Work order: Every record below should be printed exactly, except for the pictures.
*** Given records ***
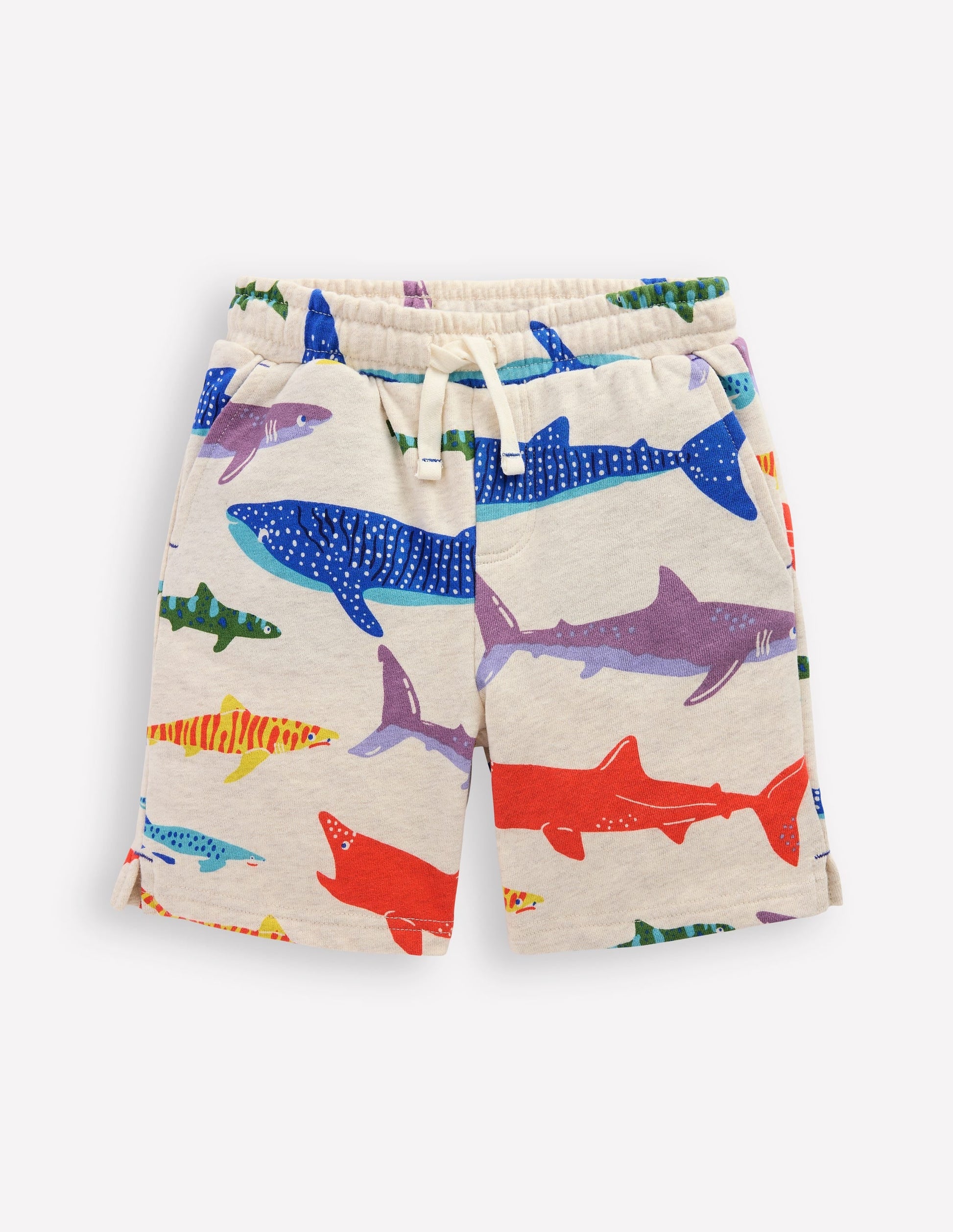 Printed Comfy Shorts-Oatmeal Marl Riso Shark-1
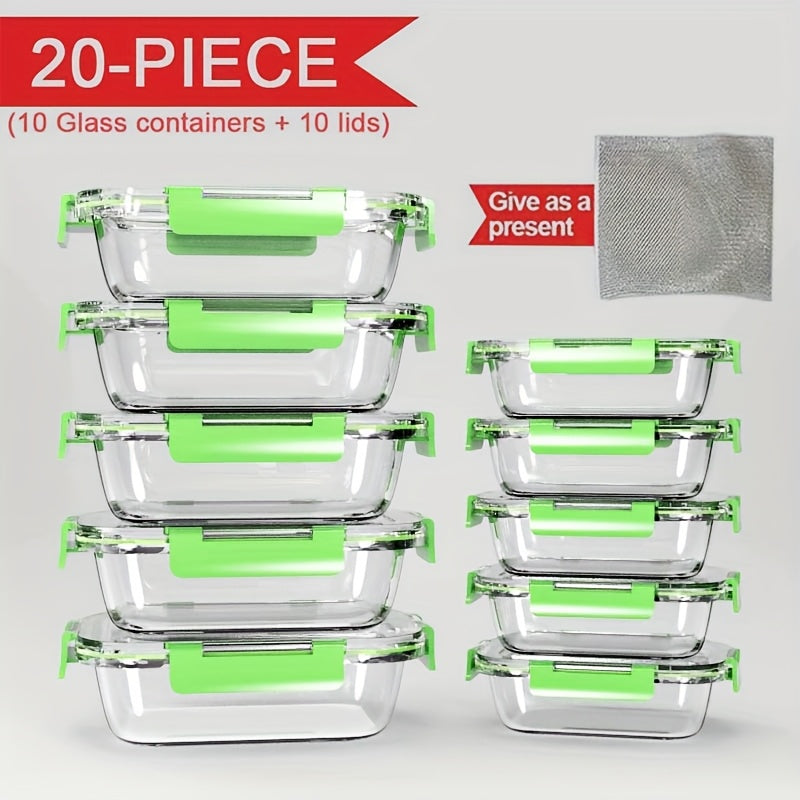 20-Piece Stackable Glass Food Storage Containers – 10 Containers with 10 Lids | Oven, Microwave & Dishwasher Safe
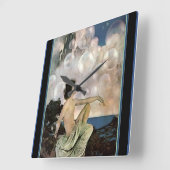 Horloge Carrée Air Castles par Maxfield Parrish (Angle)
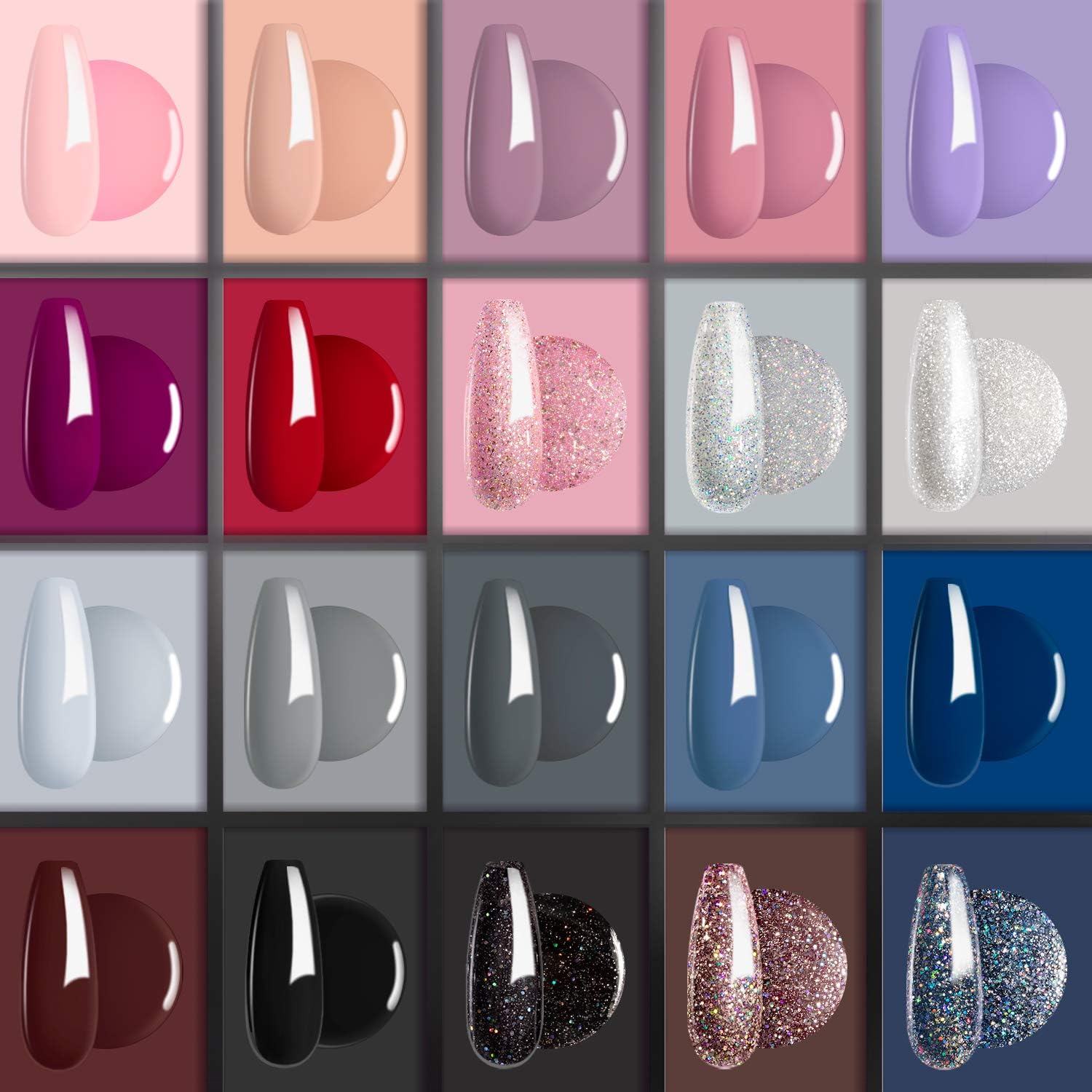 Beetles 20 Pcs Gel Nail Polish Kit, Modern Muse Collection Soak Off Nail Gel Polish Nude Gray Nail Polish Pink Blue Glitter Gel Polish Starter Kit with Glossy & Matte Top Coat and Base Coat : Beauty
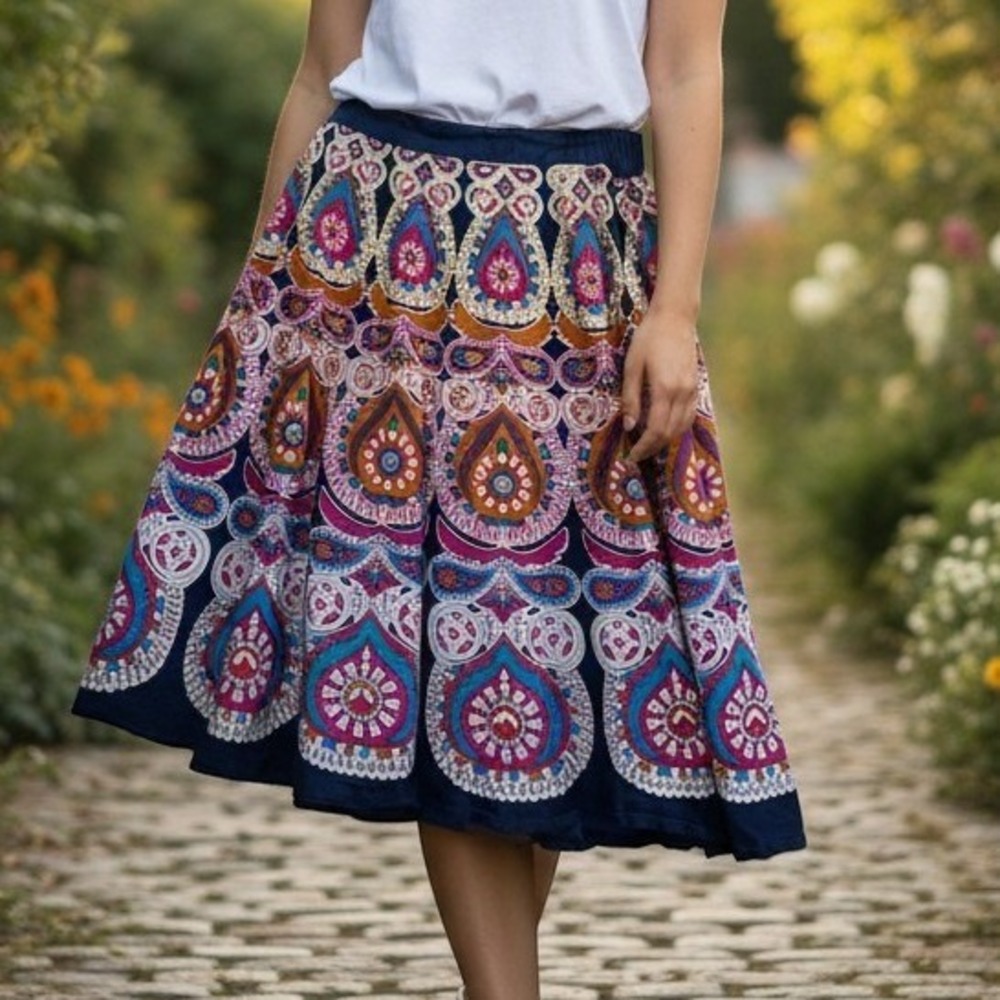 Studio West Skirt Women Large Navy Blue Paisley Cotton Midi Flared Boho Festival
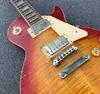 Guitare électrique relique Cherry Sunburst faite à la main, incrustations jaunâtres, une pièce Bodyneck TonePro Bridge Flame Maple Old Aged Guitarra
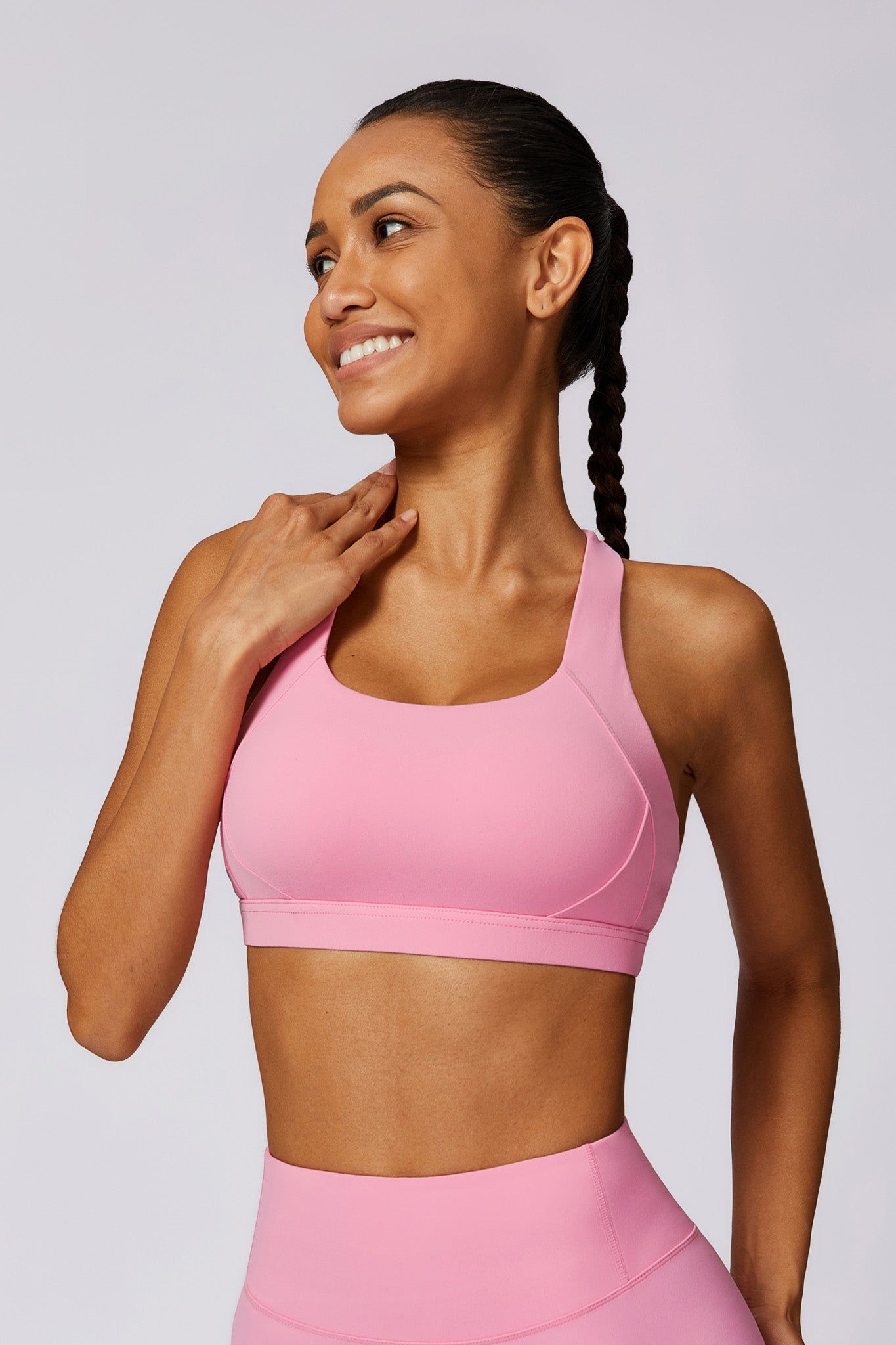 Flex Sports Bra and Shorts Set - Pink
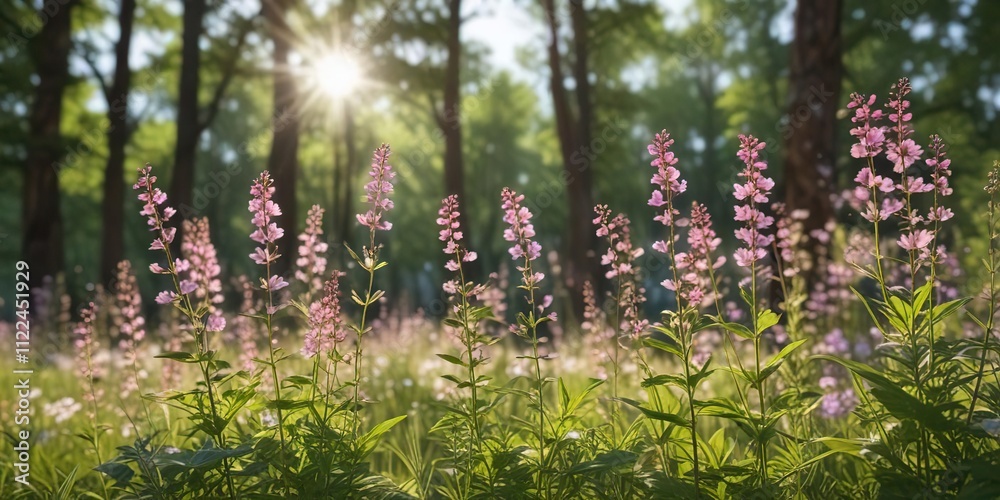 Obraz premium Soft pink wildflowers sway gently in the sunlight filtering through the trees, pink wildflowers, nature scenery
*** End of Given records ***
Reply:
 Printed Comfy Shorts-Oatmeal Marl Riso Shark-1
 20-Piece Stackable Glass Food Storage Containers – 10 Containers with 10 Lids | Oven, Microwave & Dishwasher Safe
 Horloge Carrée Air Castles par Maxfield Parrish (Angle)
 Beetles 20 Pcs Gel Nail Polish Kit, Modern Muse Collection Soak Off Nail Gel Polish Nude Gray Nail Polish Pink Blue Glitter Gel Polish Starter Kit with Glossy & Matte Top Coat and Base Coat : Beauty
 Studio West Skirt Women Large Navy Blue Paisley Cotton Midi Flared Boho Festival
 Guitare électrique relique Cherry Sunburst faite à la main, incrustations jaunâtres, une pièce Bodyneck TonePro Bridge Flame Maple Old Aged Guitarra
 Flex Sports Bra and Shorts Set - Pink
 Obraz premium Soft pink wildflowers sway gently in the sunlight filtering through the trees, pink wildflowers, nature scenery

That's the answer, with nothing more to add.